# Microsoft Excel Input

You can use the **Microsoft Excel Input** step to read data from Microsoft Excel files.

### Before you begin

The default spreadsheet engine is **Excel 97-2003 XLS**. If you are reading other file types (for example, OpenOffice ODS or Excel 2007+) or using features such as protected worksheets, change **Spread sheet type (engine)** in the **Files** tab.

{% hint style="info" %}
If you are using password-protected worksheets, set **Spread sheet type (engine)** to **Excel 2007 XLSX (Apache POI)**.
{% endhint %}

### Step name

**Step name** specifies the unique name of the step on the canvas. You can change it.

### Preview rows

Select **Preview rows** to display the rows generated by this step. Preview helps you confirm that your settings return the rows you expect.

### Configure the step (tabs)

#### Files tab

Use the **Files** tab to define the source files.
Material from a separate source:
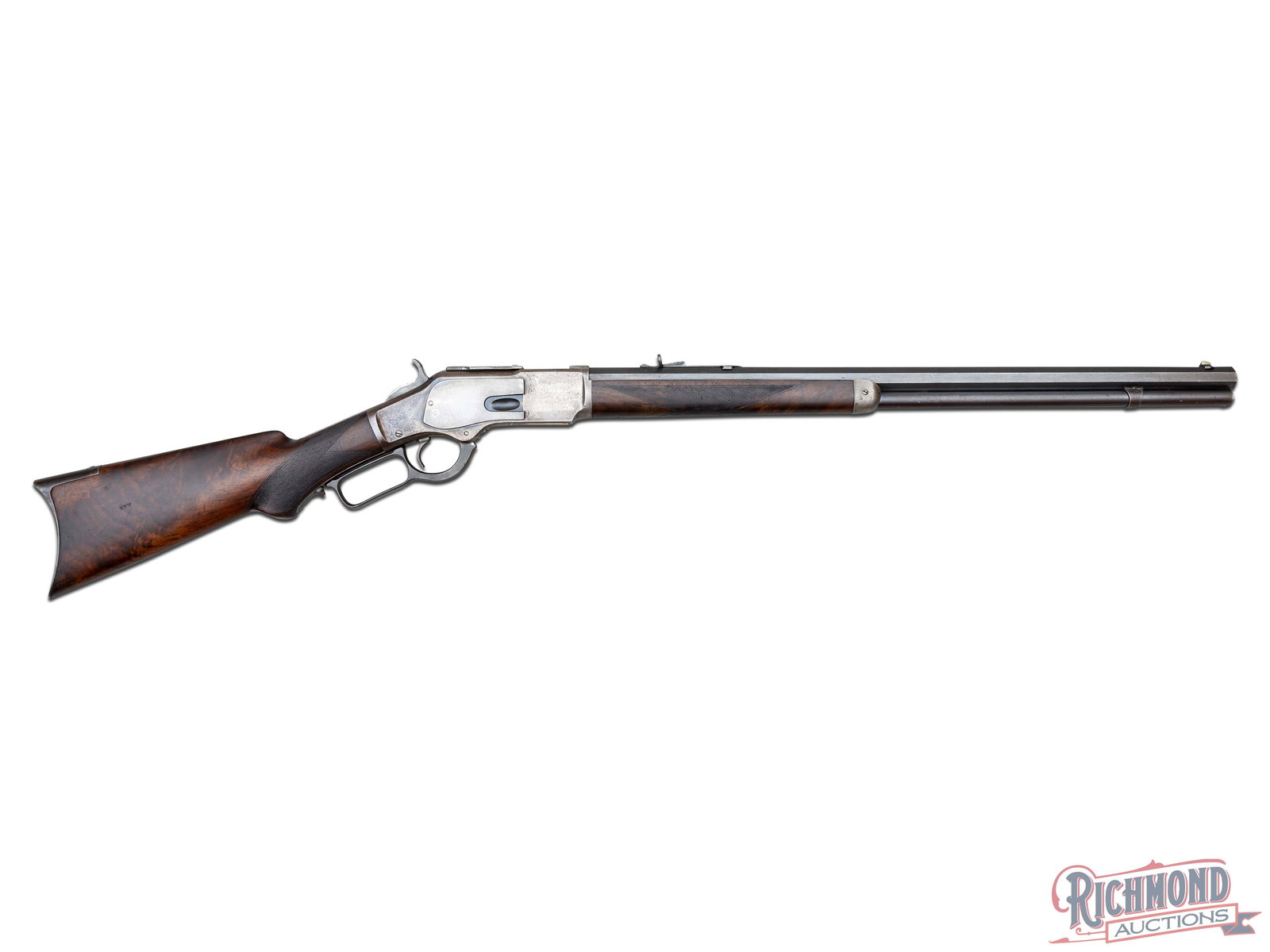 Antique Winchester Deluxe 1873 Rifle in 44-40 Caliber: Winchester Model 1873 Deluxe rifle made by Winchester Repeating Arms Company in 1882. This gun has three special order features verified by accompanying Cody research letter. Rifle has a blued octagon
| Option                                   | Description                                                                                                                                                                                              |
| ---------------------------------------- | -------------------------------------------------------------------------------------------------------------------------------------------------------------------------------------------------------- |
| **Spread sheet type (engine)**           | Spreadsheet engine to use. Supported types include **Excel 97-2003 XLS** (default), **Excel 2007 XLSX (Apache POI)**, **Excel 2007 XLSX (Apache POI Streaming)** (large files), and **Open Office ODS**. |
| **File or directory**                    | Source file or directory. Select **Browse** to locate the source, then select **Add** to add it to **Selected files**.                                                                                   |
| **Regular expression**                   | Regular expression used to match file names within a directory.                                                                                                                                          |
| **Exclude regular expression**           | Regular expression used to exclude file names within a directory.                                                                                                                                        |
| **Password**                             | Password to open an Excel file when using Excel 2007 XLSX (Apache POI).                                                                                                                                  |
| **Accept filenames from previous steps** | Reads file names from a previous step and an input field.                                                                                                                                                |

**Selected files table**

The **Selected files** table lists files and directories used as input sources.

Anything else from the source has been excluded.